現在,日本にはおおよそ600万人の認知症患者がいるといわれる.すべての認知症に共通してみられる物忘れや注意障害などの中核症状に加えて,認知症には拒絶,不穏,興奮,暴言,暴力,徘徊,性的逸脱行動などの行動症状と,不安,焦燥,抑うつ,幻覚,妄想,誤認などの心理症状(精神症状)がある.これらの行動および心理症状(behavioral and psychological symptoms of dementia:BPSD)は,中核症状以上に患者の生活の質(QOL)を低下させ,介護者の負担を増大させ,入院あるいは施設入所の要因となる.
各種の認知症治療ガイドラインには,BPSDに対して非薬物療法を優先させ,やむを得ないときに薬物療法を行うことが推奨されている.しかし実臨床の現場では,目の前に緊急性を要する興奮や易怒性などのBPSDを示す患者がいて家族が疲労困憊している状況で,どのような非薬物療法を行えばよいのかと戸惑うことが少なくない.
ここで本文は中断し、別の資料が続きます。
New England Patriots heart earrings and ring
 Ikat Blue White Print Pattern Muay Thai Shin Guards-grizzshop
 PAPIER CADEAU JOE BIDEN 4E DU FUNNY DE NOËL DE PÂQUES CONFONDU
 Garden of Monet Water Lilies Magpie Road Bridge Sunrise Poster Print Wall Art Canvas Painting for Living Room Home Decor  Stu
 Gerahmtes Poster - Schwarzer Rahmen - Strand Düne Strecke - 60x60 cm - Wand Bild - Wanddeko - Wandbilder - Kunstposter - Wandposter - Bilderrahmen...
認知症に適応をもつ薬剤は,アセチルコリン増強作用をもつアリセプト,ガランタミン,リバスチグミンと,グルタミン拮抗作用をもつメマンチンの計4剤しかない.向精神薬は認知症に適応をもたないためBPSDに向精神薬を使用することは適応外処方となる.最高裁判決では医師は特段の合理的理由がないかぎり添付文書に従って処方を行わなければならず,適応外使用は基本的に義務違反となる.
しかし,医師が医学的・薬学的なエビデンスに基づいた合理的理由を立証できれば責任を問われない可能性がある.すなわち,認知症に向精神薬を使用する際には,認知症診療ガイドラインに記載されているか,認知症に有効性を示す論文があるなどのエビデンスを提示できる知識が求められる.
2011年に厚生労働省はクエチアピン,ハロペリドール,ペロスピロン,リスペリドンといった抗精神病薬について,「器質的疾患に伴うせん妄・精神運動興奮状態・易怒性に対して処方した場合,当該使用事例を審査上認める」と「医薬品の適応外使用に係る保険診療上の取扱いについて」を発出した.適応外処方であっても,レセプト審査において保険償還を認めると通知したわけである.
さらに,2016年には厚生労働省研究班が「かかりつけ医のためのBPSDに対応する向精神薬使用ガイドライン」(第2版)を公表した.そこでは認知症の通院患者においても,適応外使用に関するインフォームドコンセントが得られている場合に,抗精神病薬,抑肝散,気分安定薬,抗うつ薬,抗不安薬,睡眠導入薬の使用を考慮するとした方針を公表した.認知症に向精神薬を使用するときは標的症状を明確にし,適切な時期に適切な用量を短期間用いることが望ましい.
認知症高齢者はさまざまな身体疾患や精神神経疾患を合併し,すでに多剤を服用している例が多い.BPSDに向精神薬を使用するときは患者の背景疾患に応じて薬物相互作用に関する知識も必要とされる.本書ではBPSDに使用されることの多い向精神薬について,認知症を診察することのある医師が知っておくべき向精神薬の情報を整理して伝えることを目的とした.発刊時点で最新の情報を提供するように努めたが,薬剤情報は日々更新されており読者は折に触れて薬剤添付文書に目を通すことを勧めたい.